╔══
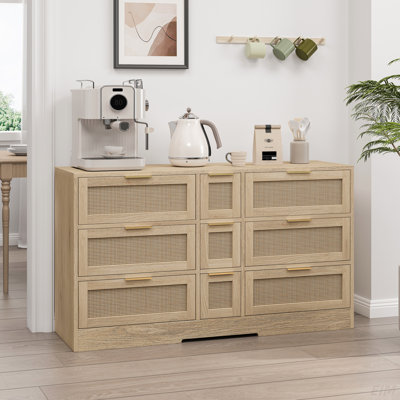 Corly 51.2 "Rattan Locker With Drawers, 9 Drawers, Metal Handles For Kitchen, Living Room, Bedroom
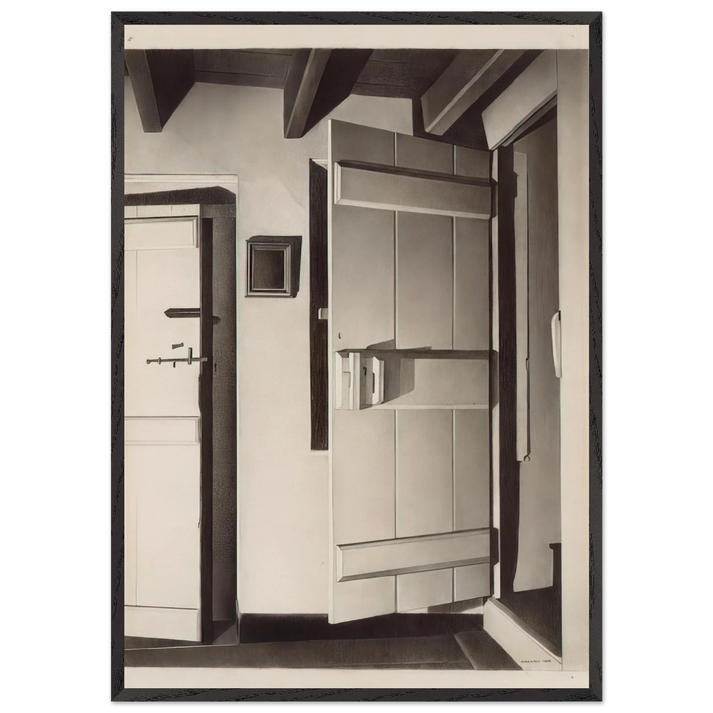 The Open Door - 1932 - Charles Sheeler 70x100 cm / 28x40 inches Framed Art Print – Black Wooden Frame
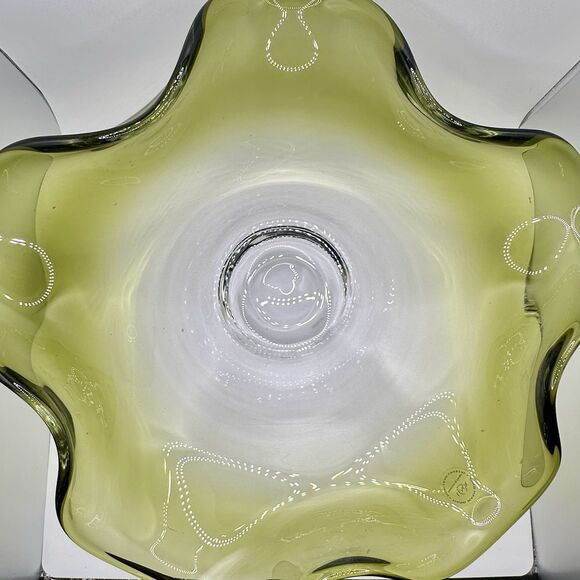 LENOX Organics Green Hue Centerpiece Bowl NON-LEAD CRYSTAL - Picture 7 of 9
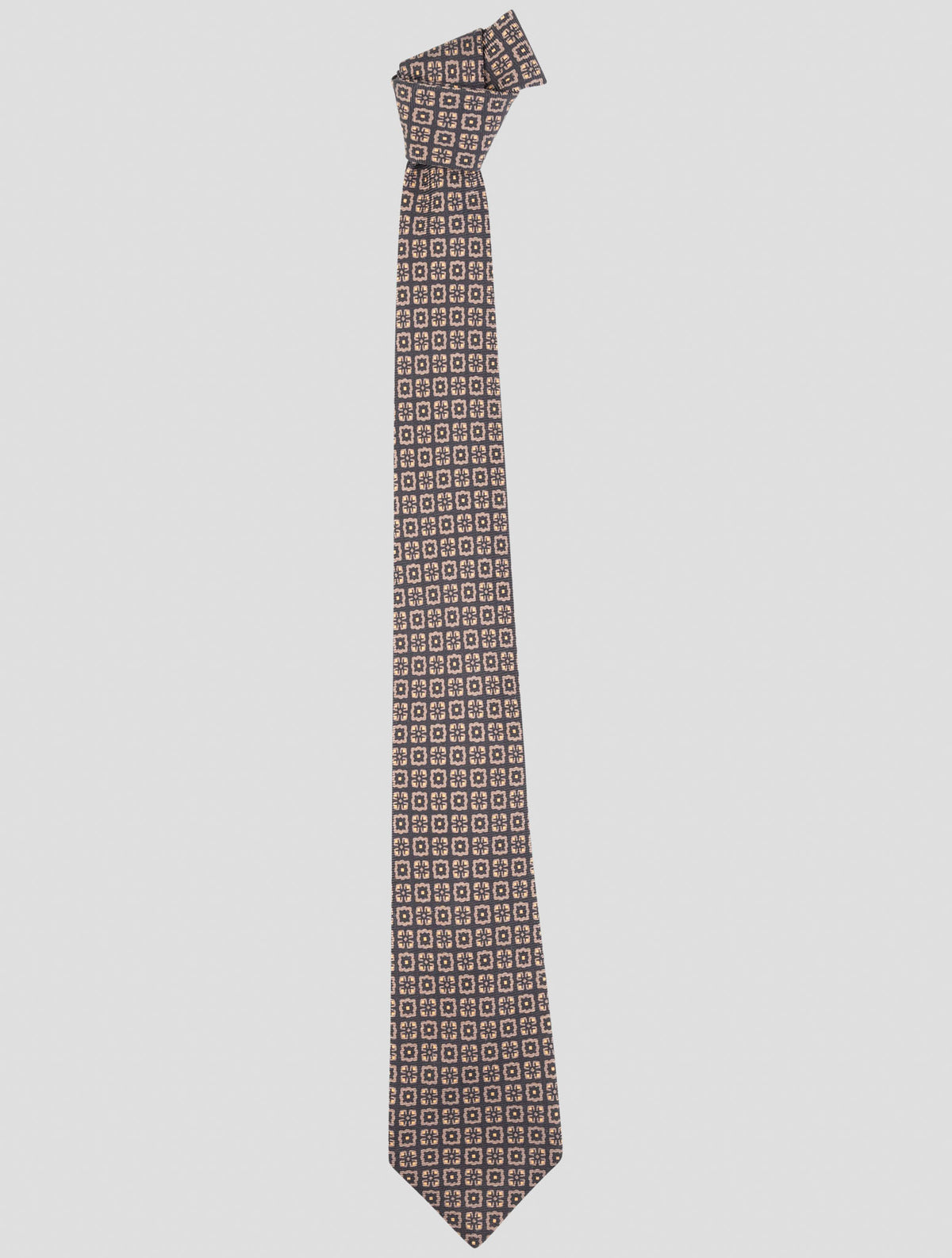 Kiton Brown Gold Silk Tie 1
╚══
Work item: Repeat the data above word for word, without pictures.

Task response:
 Corly 51.2 "Rattan Locker With Drawers, 9 Drawers, Metal Handles For Kitchen, Living Room, Bedroom
 The Open Door - 1932 - Charles Sheeler 70x100 cm / 28x40 inches Framed Art Print – Black Wooden Frame
 LENOX Organics Green Hue Centerpiece Bowl NON-LEAD CRYSTAL - Picture 7 of 9
 Kiton Brown Gold Silk Tie 1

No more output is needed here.